Imagine flying free, out in the open, but not necessarily too far above the ground (you gotta love that adrenaline rush)., and all you have to do to change directions is shift your weight?  Sign me up.   I am intrigued by the Sky Gypsys.  I want to be one, I want to fly like an eagle.
That much freedom, feeling riding the Harley? (but without the rumble, and concrete background)........although there is noise, so maybe I can't say that.   Aerotrekking just doesn't seem that loud in the video's I've watched.  We'll leave it at that. ;-)
The point is that its an extremely cool way spend your time, and provides amazing photo opportunities,  not available from any ground angle.

The Sky Gypsy tab (Pages) will open a treasure trove of links to original photography that is truly beautiful.   I believe most, if not all photos are credited to B. Alvarius, our resident Sky Gypsy. :)    Vantage points otherwise unobtainable , subject matter off the beaten path, and a photographer who pushes the envelope,  combine to create spectacular snapshots with a new twist.  Definitely worth the look.

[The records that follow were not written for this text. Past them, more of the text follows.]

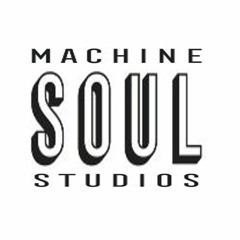 Machine Soul Studios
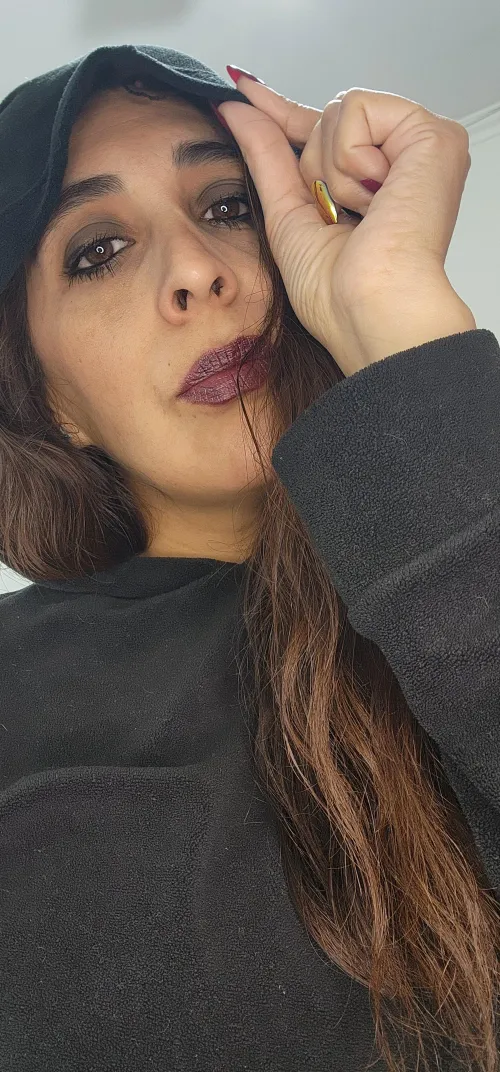 The deposit was not registered, therefore you have lost the privilege.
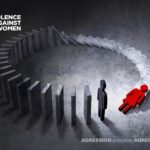 Jackson Katz: La violenza sulle donne è una questione maschile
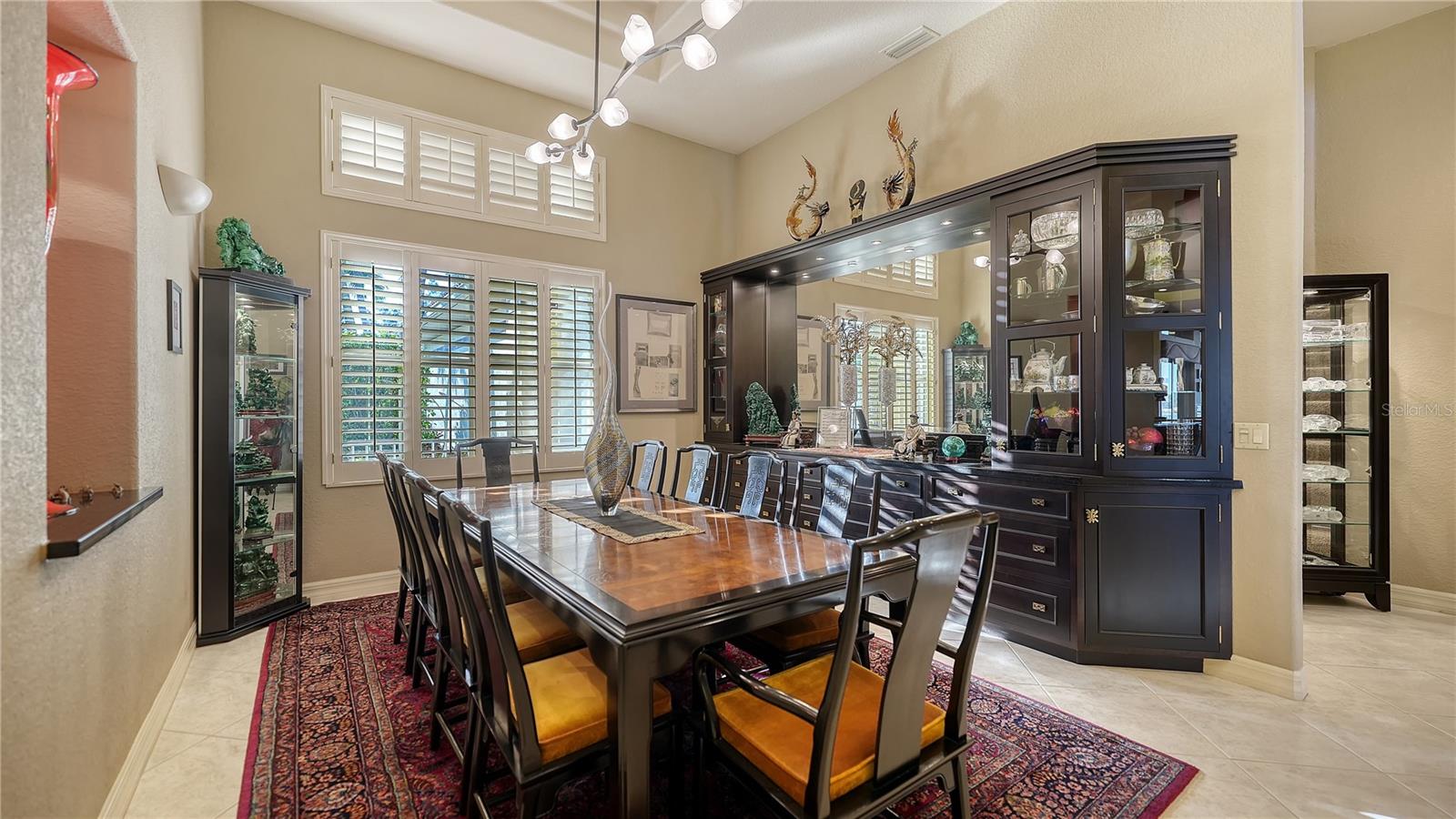 A4682258 Property Photo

This link shows the SG logo, created as part of Art Race, by sculptor Ben Sargent.  Note the shadow of the photographer. ;-)




  1. Thank you for referencing some of the low level aerial photography. Additional low level aerial images my be found here and for low level aerial video there is this

    1. My pleasure...they really are stunning. I get a much greater feeling of 'being there' , than with traditional photos. I think it has something to do with feeling surrounded by the ground? Not sure, lol. The ghost town looks like a place I would love to explore. How high up were you when you took those shots? Actually, is there a specific range you fly in for the low level aerial video/stills? It really looks exciting.
      I should thank you for having such a cool hobby, you have provided me with a new locale to add to my list, and some excellent aerial shots to day dream over. :)

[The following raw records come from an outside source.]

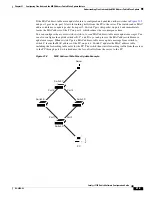 Предварительный просмотр 501 страницы Cisco 3750G - Catalyst Integrated Wireless LAN Controller Configuration Manual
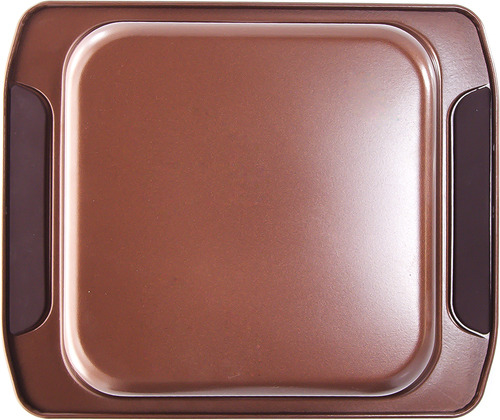 Форма для выпекания (металл) Axon B-201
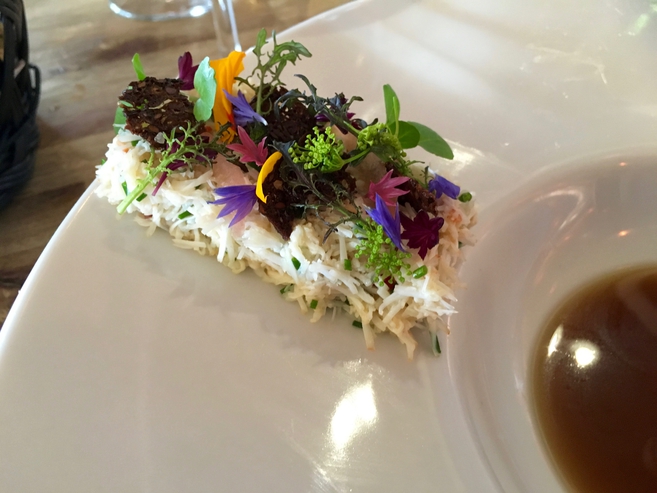 Slow_Food_Lilleheden_Sommer_2016_FlaskePosten_3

    2. Many low level aerial photographs are first designed using Google Earth (looking for interesting landscape). The area is then flown looking for interesting scenes. Once an interesting scene is found a flight path over the scene is set up so the photograph may be captured, I am both pilot and photographer. The stability and open cockpit of a trike helps make the process of capturing these scenes a reality. In many photographs objects that would allow the viewer to judge scale are obscured allowing the viewer to create their own interpretation of the image. This post on Gaia's Brain is a good example of an aerial photograph without scale and this this post describes the rational.

      Altitudes for images are based on the scene to be captured and may range from 10' to several hundred. In the video (referenced above) you will notice a fence I fly over, the aircraft is only about 10' up.

  2. I can't fly in a plane but I can go up in a balloon. Is it like a balloon? I read it was a little bumpy. Is that true?
    Love the desert. Love New Mexico.

    1. It can be bumpy if the winds are up. The aircraft is light and subject to winds in comparison to a heavy passenger jet, but the wings are tested to levels exceeding a Cessna so they can handle any loads.